Thirty Second Sunday in Ordinary Time

Thirty Second Sunday in Ordinary Time


First Reading 2 Maccabees 7:1–2, 9–14

Psalm Psalm 17:1, 5–6, 8, 15

Second Reading 2 Thessalonians 2:16–3:5

Gospel Luke 20:27–38


Psalm 17:1, 5–6, 8, 15

Hear a just cause, O Lord; attend to my cry;

give ear to my prayer from lips free of deceit.

My steps have held fast to your paths;

my feet have not slipped.

I call upon you, for you will answer me, O God;

incline your ear to me, hear my words.

Guard me as the apple of the eye;

hide me in the shadow of your wings,

As for me, I shall behold your face in righteousness;

when I awake I shall be satisfied, beholding your likeness.

Reading the Word

2 Maccabees 7:1–2, 9–14

It happened also that seven brothers and their mother were arrested and were being compelled by the king, under torture with whips and thongs, to partake of unlawful swine’s flesh. One of them, acting as their spokesman, said, “What do you intend to ask and learn from us? For we are ready to die rather than transgress the laws of our ancestors.”

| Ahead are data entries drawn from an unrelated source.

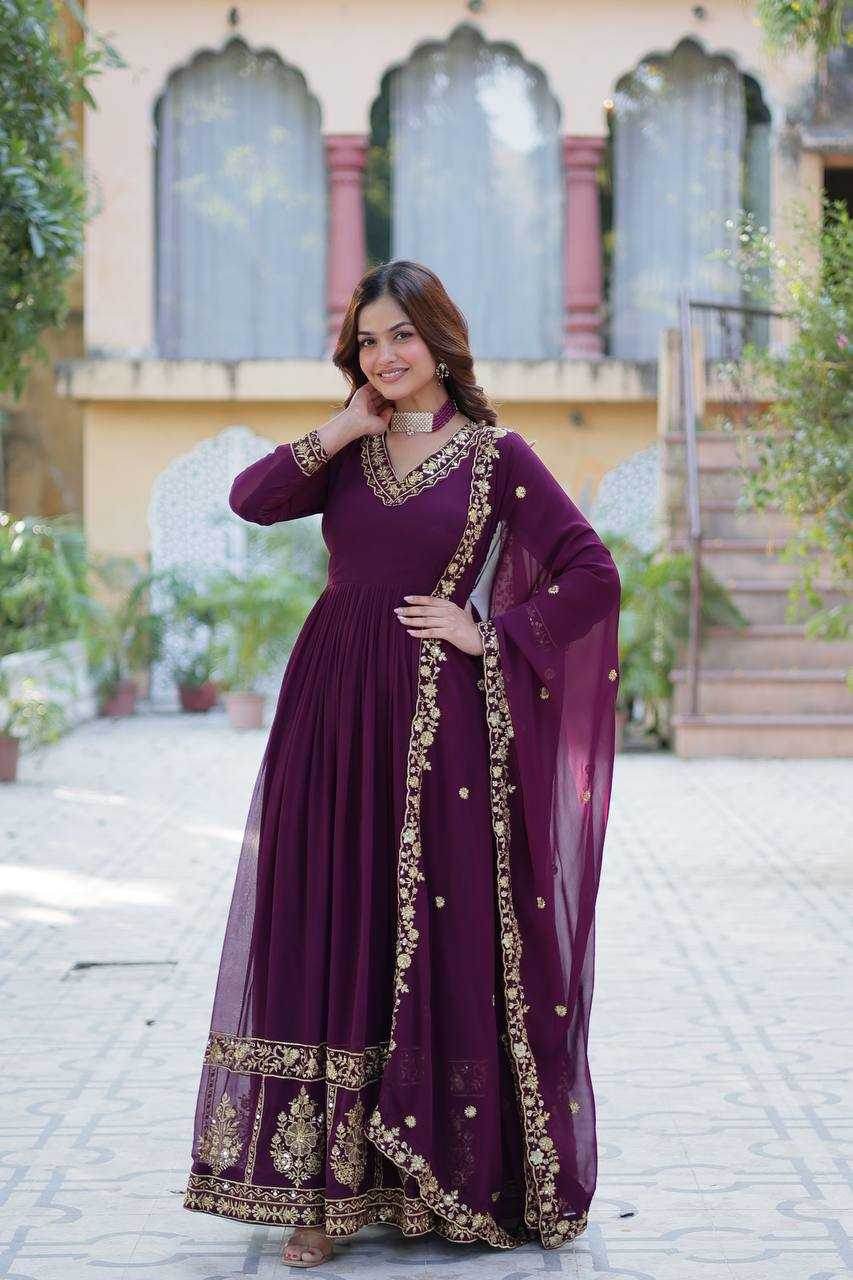 Faux Embroidery Gown - MYLUXURY LANE ENTERPRISE
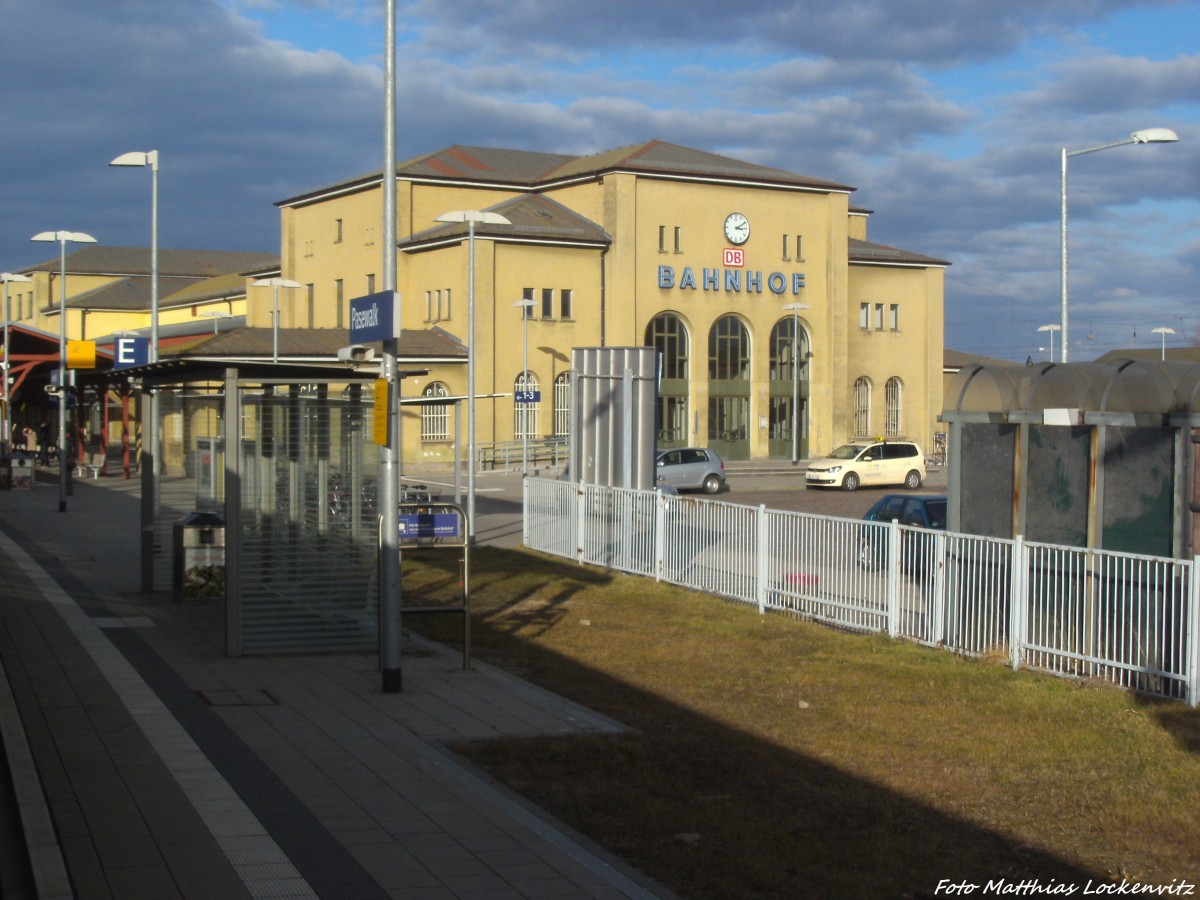 Bahnhof Pasewalk am 16.2.14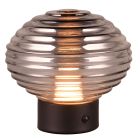 Candeeiro de mesa recarregável retrô preto, Walid, 2W, LED 3000K, com dimmer tátil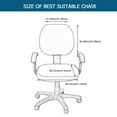 thumbnail image 3 of Computer Office Chair Covers,Printed Stretch Universal Rotating Chair Slipcovers Cover Anti-Dust Removable Washable Spandex Split Desk Chair Cover-J, 3 of 9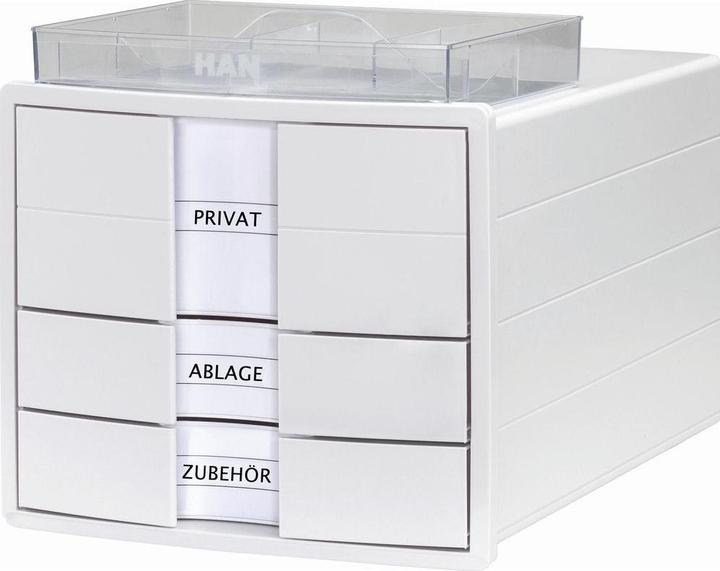 Produktbild Han IMPULS 1017-12 Schubladenbox Weiss DIN A4, DIN C4 Anzahl der Schubfächer: 3 (A4)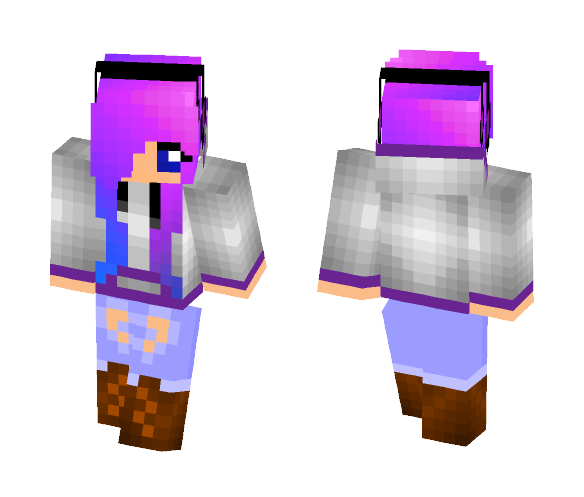 Rainbow Haired Girl Skin - Color Haired Girls Minecraft Skins - image 1
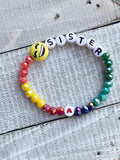 Multi Color  Bestie Sister Emoji Bracelet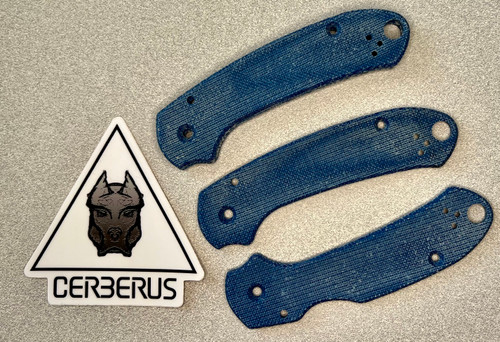 Cerberus - Spyderco Para 3 Skinny - Blue TeroTuf - Plain Jane Pattern - P3S-PJ-BT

And when he was at his last breath, he said, “You accursed wretch, you dismiss us from this present life, but the King of the universe will raise us up to an everlasting renewal of life, because we have died for his laws.”

After him, the third was the victim of their sport. When it was demanded, he quickly put out his tongue and courageously stretched forth his hands, and said nobly, “I got these from Heaven, and because of his laws I disdain them, and from him I hope to get them back again.” As a result the king himself and those with him were astonished at the young man’s spirit, for he regarded his sufferings as nothing.

After he too had died, they maltreated and tortured the fourth in the same way. When he was near death, he said, “One cannot but choose to die at the hands of mortals and to cherish the hope God gives of being raised again by him. But for you there will be no resurrection to life!”

2 Thessalonians 2:16–3:5

Now may our Lord Jesus Christ himself and God our Father, who loved us and through grace gave us eternal comfort and good hope, comfort your hearts and strengthen them in every good work and word.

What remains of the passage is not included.